Assignment:
Reproduce the full listing below unchanged, apart from the pictures.

The data:

•••

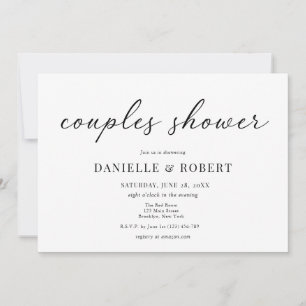 Invitación Clásica lluvia de boda de parejas con letra elegan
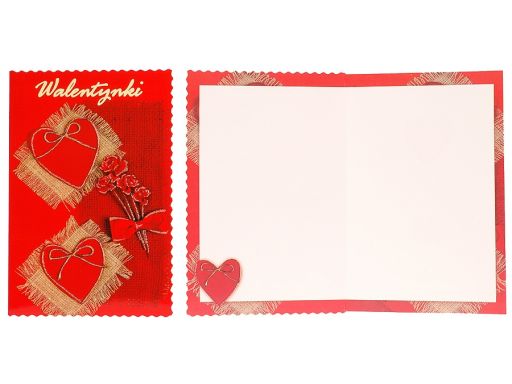 Karnet walentynkowy dla zakochanych brokat wzór 6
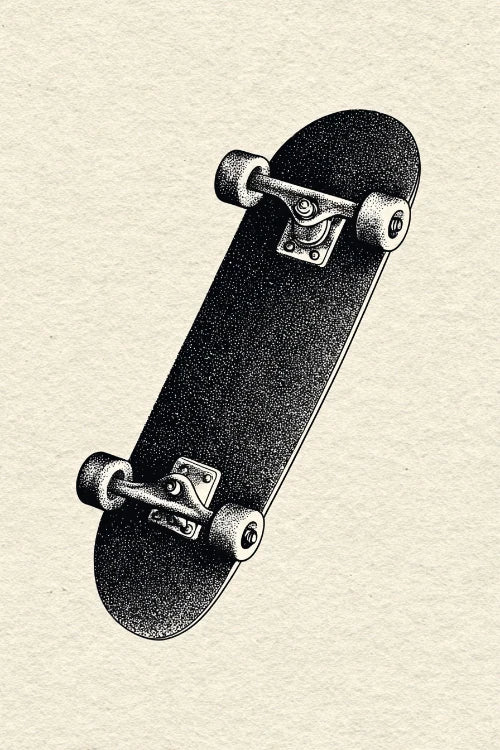 Skateboard Sports Stipple Art Collection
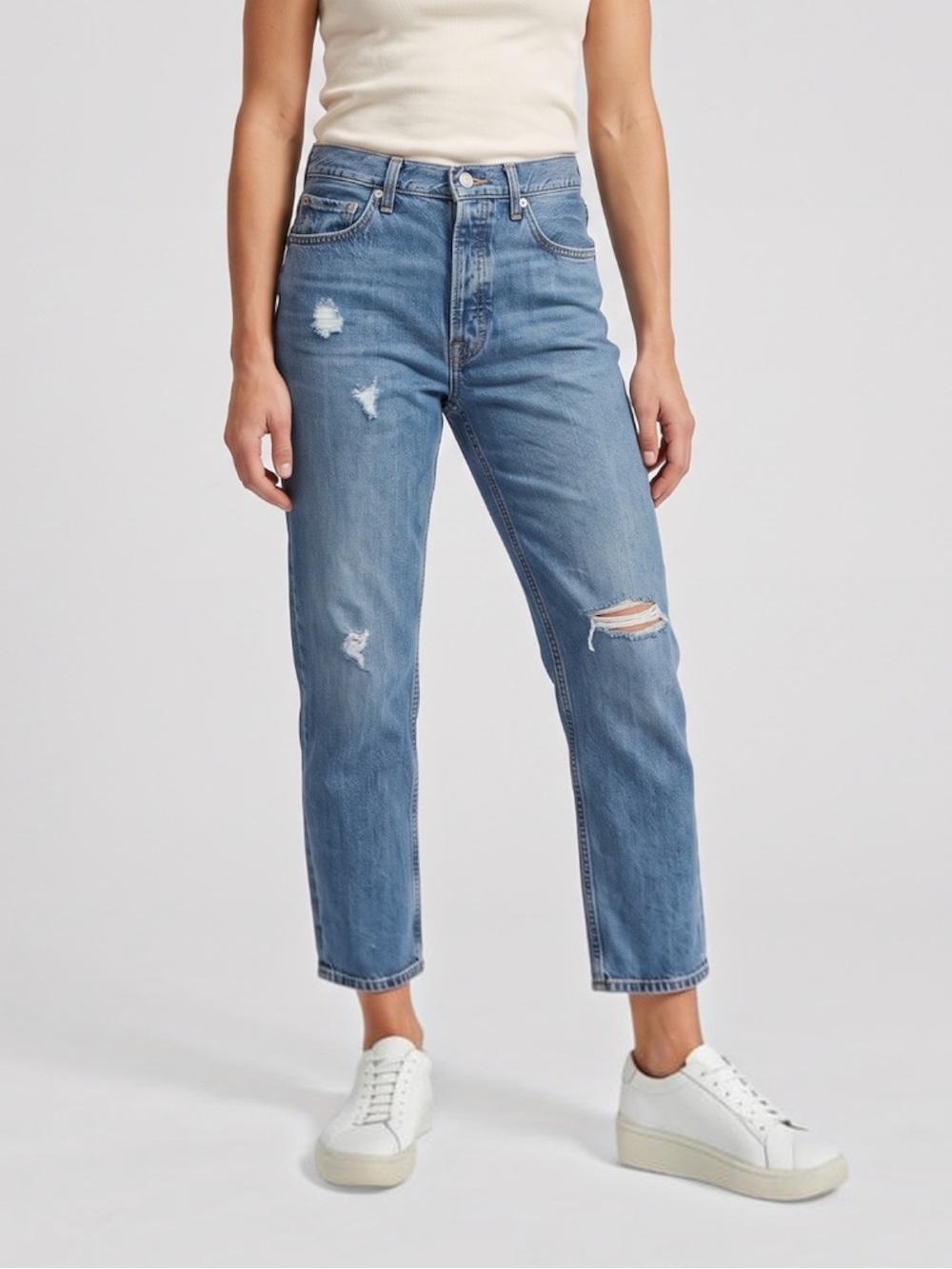 Everlane Summer Slouch Jean Sz 28 High Rise Straight Leg Distressed Organic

•••

Task answer:
 Invitación Clásica lluvia de boda de parejas con letra elegan
 Karnet walentynkowy dla zakochanych brokat wzór 6
 Skateboard Sports Stipple Art Collection
 Everlane Summer Slouch Jean Sz 28 High Rise Straight Leg Distressed Organic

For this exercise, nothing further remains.